### INPUT DATA:

◆ ◆ ◆ ◆

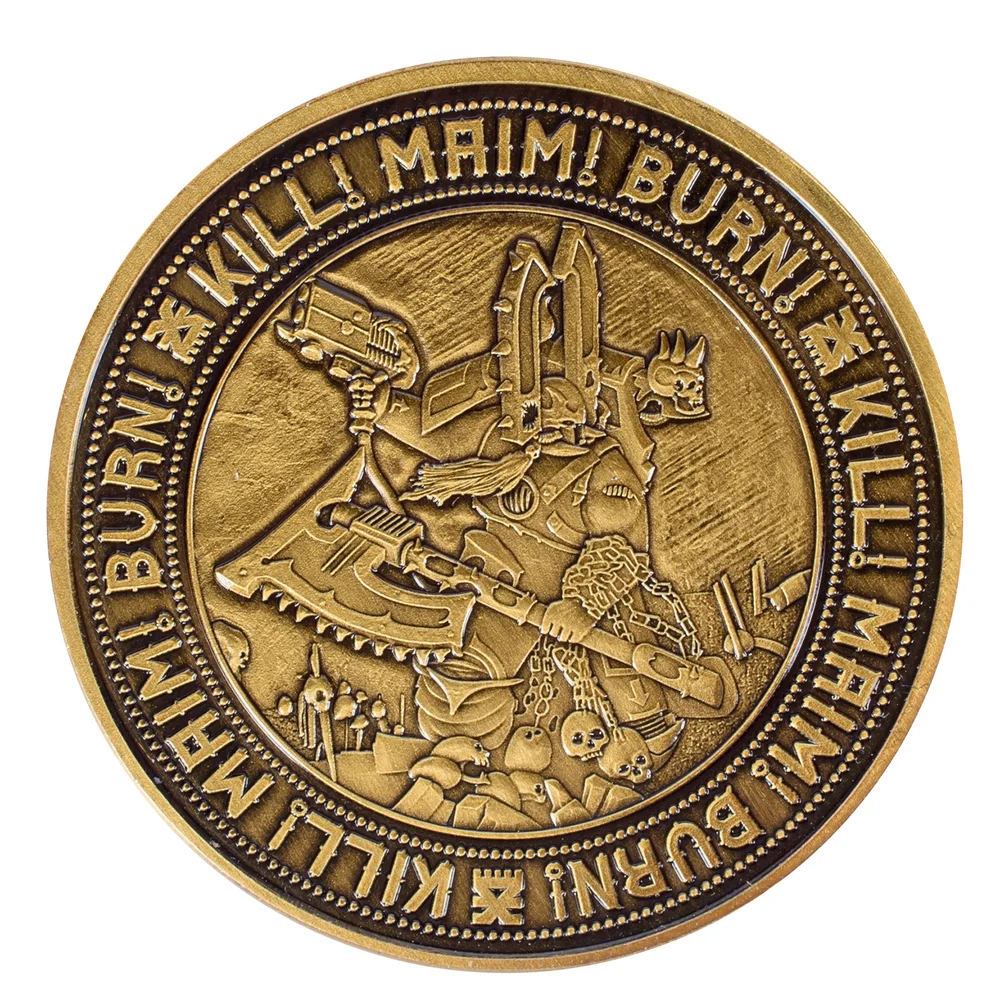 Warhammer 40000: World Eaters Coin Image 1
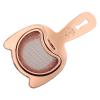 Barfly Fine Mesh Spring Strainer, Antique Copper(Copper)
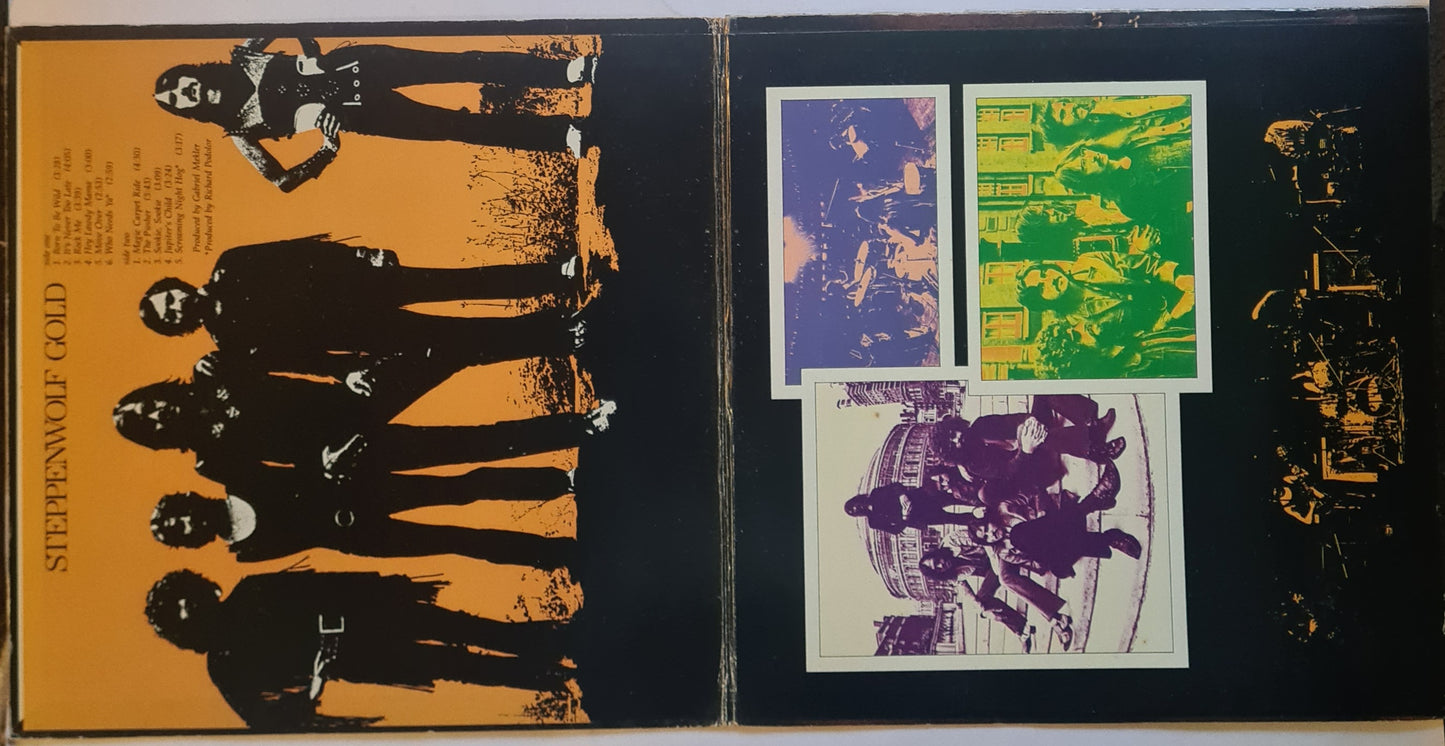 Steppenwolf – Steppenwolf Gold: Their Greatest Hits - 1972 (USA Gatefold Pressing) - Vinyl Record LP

◆ ◆ ◆ ◆

### REQUIRED ACTION:
Repeat verbatim the lines from the one with "Barfly Fine Mesh" through the end of the listing above. Include both ends, add nothing, and exclude the pictures.

### ANSWER TO THIS TASK:
 Barfly Fine Mesh Spring Strainer, Antique Copper(Copper)
 Steppenwolf – Steppenwolf Gold: Their Greatest Hits - 1972 (USA Gatefold Pressing) - Vinyl Record LP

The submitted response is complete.